HSA_AMD_SVM=y causes/triggers PAT issues
I have a hunch this might be MM/HMM issue, but I am reporting this as amdgpu bug just because problematic behavior is triggered by loading amdgpu, which was compiled with HSA_AMD_SVM=y. I checked problematic behavior on kernels 6.4 and 6.5-rc6, however I have seen people saying it started with 5.14.
My system is on X99 platform with Intel Broadwell-E CPU. It has multiple GPUs: AMD W6600 (which drives display) and NVIDIA RTX 3080 (used for compute and vfio). iommu is on and not in PT mode. HSA_AMD_SVM=y somehow messes PAT entries for NVIDIA card. Example follows.
NVIDIA card has two BARs, which are relevant in this example:
- Region 1: Memory at 380000000000 (64-bit, prefetchable) [size=16G]
- Region 3: Memory at 380400000000 (64-bit, prefetchable) [size=32M]
let's suppose "cat /sys/kernel/debug/x86/pat_memtype_list | grep 380" is used to check PAT entries.
- fresh system start, amdgpu is loaded (blacklisting it prevents the issue), NVIDIA card is deliberately not bound to any driver on boot. No PAT entries for it is visible - good.
- card is bound to vfio-pci and passed to VM, multiple PAT entries are visible - good.
- VM is stopped, card is unbound from vfio-pci. This is where difference is seen. If HSA_AMD_SVM=n, then there is no PAT entries visible - good, however with HSA_AMD_SVM=y two PAT entries remain - BAD. In addition, the amount of these entries depend on how many times the card has been passed-through. It is like some clean up routine silently fails or there is a lock held.

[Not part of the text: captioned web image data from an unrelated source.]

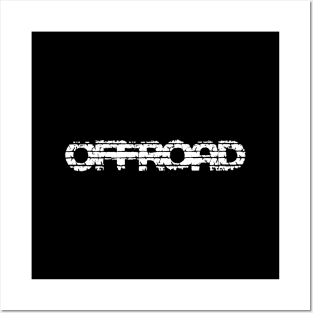 Offroad Tracks (BLACK) Posters and Art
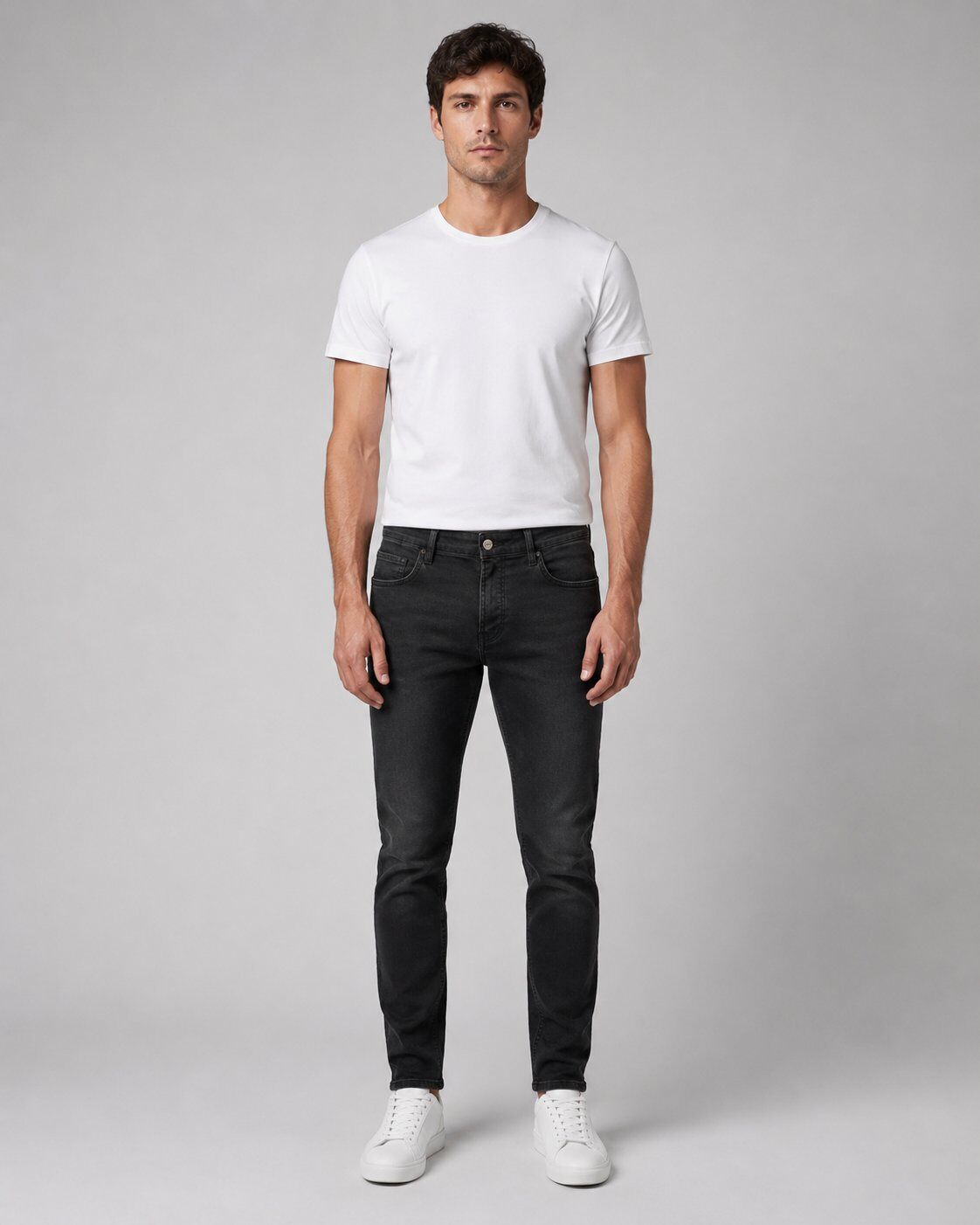 Grossista Mentex Homme - Jeans Slim Neri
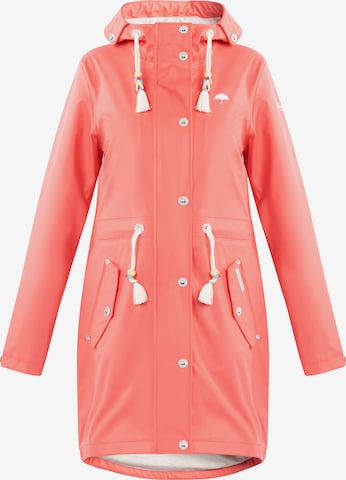 Schmuddelwedda Raincoat in Pink: front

The above example is made to avoid requiring out of tree drivers for NVIDIA, however same (and probably with less hassle) can be repeated with just bounding card to nvidia driver, running compute/render task, unbinding it and then checking for left over PAT entries. This also shows it is not vfio-pci only issue.
It looks benign at first, but in real use case that card has to be switched from nvidia driver to vfio-pci and back without restarting the system. This PAT issue breaks it, because left over PAT entries from one driver are not compatible with the other. vfio-pci needs UC-, otherwise VM throws lots of ioremap/memtype errors; and nvidia driver prefers WC entries for performance reasons.
So, why amdgpu has effect on non AMD GPU?